------ INFORMATION GIVEN ------

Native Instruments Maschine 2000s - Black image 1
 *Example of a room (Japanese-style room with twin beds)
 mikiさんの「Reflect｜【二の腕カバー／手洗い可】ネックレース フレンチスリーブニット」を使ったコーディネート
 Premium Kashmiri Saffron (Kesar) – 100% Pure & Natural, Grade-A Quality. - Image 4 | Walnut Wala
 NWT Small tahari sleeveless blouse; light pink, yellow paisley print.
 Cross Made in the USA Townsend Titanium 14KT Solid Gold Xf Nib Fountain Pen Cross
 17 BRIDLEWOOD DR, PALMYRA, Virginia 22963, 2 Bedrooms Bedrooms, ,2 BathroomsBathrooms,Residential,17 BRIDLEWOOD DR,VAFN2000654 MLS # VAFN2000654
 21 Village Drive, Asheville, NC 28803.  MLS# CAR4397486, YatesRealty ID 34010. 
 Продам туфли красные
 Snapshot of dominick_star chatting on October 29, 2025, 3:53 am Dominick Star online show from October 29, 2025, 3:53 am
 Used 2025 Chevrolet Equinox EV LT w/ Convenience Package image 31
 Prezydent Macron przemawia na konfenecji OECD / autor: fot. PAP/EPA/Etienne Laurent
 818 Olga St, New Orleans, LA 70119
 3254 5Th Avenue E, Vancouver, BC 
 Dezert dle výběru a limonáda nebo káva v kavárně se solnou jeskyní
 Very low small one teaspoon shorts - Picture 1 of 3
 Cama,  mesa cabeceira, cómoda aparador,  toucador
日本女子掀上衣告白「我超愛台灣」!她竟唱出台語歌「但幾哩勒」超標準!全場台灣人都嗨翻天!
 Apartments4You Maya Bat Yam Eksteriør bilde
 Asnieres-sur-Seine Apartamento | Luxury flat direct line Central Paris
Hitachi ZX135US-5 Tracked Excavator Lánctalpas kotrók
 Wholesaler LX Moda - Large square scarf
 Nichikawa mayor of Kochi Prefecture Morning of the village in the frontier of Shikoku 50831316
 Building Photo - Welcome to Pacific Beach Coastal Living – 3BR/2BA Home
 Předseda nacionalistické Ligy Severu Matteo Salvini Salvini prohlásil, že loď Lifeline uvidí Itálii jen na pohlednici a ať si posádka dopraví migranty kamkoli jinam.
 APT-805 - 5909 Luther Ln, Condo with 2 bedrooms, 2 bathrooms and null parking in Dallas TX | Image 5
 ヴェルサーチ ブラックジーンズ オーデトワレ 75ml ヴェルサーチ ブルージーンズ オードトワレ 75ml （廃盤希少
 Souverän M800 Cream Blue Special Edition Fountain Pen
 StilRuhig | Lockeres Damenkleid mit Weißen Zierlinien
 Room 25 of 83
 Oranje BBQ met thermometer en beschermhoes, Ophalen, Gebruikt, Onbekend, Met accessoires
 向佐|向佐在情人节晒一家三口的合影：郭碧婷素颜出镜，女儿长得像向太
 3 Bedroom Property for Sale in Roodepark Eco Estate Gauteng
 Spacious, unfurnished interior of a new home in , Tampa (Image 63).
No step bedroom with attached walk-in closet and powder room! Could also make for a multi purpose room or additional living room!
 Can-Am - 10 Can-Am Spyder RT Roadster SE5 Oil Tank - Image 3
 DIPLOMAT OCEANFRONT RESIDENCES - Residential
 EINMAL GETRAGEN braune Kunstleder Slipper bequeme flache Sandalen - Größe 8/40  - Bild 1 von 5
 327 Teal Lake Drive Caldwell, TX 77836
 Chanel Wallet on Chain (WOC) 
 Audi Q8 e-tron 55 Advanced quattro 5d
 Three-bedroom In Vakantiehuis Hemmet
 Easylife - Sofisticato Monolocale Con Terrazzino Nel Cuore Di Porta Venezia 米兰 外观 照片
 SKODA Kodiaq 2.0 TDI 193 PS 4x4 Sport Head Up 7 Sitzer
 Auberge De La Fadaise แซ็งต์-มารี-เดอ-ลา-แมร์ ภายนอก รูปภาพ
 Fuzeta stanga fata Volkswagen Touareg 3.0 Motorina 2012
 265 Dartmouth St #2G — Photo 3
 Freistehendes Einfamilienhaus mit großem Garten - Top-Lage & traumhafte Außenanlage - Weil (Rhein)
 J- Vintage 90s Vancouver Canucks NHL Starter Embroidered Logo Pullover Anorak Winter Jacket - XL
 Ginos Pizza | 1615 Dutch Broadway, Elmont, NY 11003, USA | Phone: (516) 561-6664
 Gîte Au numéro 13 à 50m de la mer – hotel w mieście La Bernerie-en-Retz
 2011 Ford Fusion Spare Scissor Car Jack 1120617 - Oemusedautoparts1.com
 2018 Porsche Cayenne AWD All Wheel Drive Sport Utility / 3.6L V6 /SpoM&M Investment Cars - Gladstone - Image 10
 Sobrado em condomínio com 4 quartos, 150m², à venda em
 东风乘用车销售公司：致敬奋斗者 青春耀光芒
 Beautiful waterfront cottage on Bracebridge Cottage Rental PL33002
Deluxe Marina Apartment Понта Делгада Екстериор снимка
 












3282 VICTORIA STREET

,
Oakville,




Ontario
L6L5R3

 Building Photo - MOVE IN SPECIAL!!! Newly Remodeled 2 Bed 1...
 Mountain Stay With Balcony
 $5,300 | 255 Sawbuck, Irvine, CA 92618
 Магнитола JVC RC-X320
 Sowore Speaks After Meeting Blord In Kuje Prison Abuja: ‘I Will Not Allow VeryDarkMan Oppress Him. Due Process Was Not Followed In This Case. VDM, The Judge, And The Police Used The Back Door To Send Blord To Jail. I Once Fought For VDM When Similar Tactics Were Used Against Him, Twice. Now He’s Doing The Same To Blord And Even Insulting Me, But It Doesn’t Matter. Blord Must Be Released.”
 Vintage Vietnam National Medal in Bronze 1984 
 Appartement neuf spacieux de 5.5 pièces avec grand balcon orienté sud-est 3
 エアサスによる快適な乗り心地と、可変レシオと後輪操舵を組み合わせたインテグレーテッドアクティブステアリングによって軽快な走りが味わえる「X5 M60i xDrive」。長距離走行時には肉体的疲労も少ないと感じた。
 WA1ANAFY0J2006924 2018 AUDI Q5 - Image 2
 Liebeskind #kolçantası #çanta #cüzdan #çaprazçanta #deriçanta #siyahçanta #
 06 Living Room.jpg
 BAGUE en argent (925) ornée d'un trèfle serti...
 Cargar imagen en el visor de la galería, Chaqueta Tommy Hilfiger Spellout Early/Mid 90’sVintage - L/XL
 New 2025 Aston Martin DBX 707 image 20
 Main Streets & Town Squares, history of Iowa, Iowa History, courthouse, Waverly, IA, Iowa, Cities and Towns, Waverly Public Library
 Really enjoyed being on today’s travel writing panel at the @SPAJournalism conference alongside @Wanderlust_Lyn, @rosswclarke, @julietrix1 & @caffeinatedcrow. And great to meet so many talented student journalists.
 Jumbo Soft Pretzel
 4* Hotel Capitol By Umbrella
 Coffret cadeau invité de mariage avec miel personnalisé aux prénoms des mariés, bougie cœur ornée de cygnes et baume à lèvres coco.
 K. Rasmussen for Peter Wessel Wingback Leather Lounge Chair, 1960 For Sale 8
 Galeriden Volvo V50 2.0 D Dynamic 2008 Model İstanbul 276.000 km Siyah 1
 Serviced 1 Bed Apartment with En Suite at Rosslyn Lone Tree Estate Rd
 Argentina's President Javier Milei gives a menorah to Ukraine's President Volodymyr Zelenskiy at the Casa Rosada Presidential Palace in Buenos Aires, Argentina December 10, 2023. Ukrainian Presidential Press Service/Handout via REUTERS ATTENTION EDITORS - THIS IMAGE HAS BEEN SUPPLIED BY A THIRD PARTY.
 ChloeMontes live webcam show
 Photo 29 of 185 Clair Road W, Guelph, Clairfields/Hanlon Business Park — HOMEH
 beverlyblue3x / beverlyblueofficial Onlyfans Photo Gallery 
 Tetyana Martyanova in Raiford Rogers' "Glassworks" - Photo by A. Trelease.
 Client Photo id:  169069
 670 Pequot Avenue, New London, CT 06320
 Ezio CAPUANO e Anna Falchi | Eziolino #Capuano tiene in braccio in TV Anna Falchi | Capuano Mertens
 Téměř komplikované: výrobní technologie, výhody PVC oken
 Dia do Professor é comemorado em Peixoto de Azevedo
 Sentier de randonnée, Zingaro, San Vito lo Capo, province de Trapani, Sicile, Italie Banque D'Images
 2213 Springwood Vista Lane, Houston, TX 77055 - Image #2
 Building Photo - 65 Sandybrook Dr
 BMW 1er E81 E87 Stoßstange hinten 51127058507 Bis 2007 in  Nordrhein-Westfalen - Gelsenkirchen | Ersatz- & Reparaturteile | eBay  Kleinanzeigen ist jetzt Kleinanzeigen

------

Please give an exact copy of the lines above, beginning with the line containing "Audi Q8 e-tron 55 Advanced quattro 5d" and running through the line containing "Auberge De La", and of no other lines.

## [ANSWER TO THIS EXERCISE]
 Audi Q8 e-tron 55 Advanced quattro 5d
 Three-bedroom In Vakantiehuis Hemmet
 Easylife - Sofisticato Monolocale Con Terrazzino Nel Cuore Di Porta Venezia 米兰 外观 照片
 SKODA Kodiaq 2.0 TDI 193 PS 4x4 Sport Head Up 7 Sitzer
 Auberge De La Fadaise แซ็งต์-มารี-เดอ-ลา-แมร์ ภายนอก รูปภาพ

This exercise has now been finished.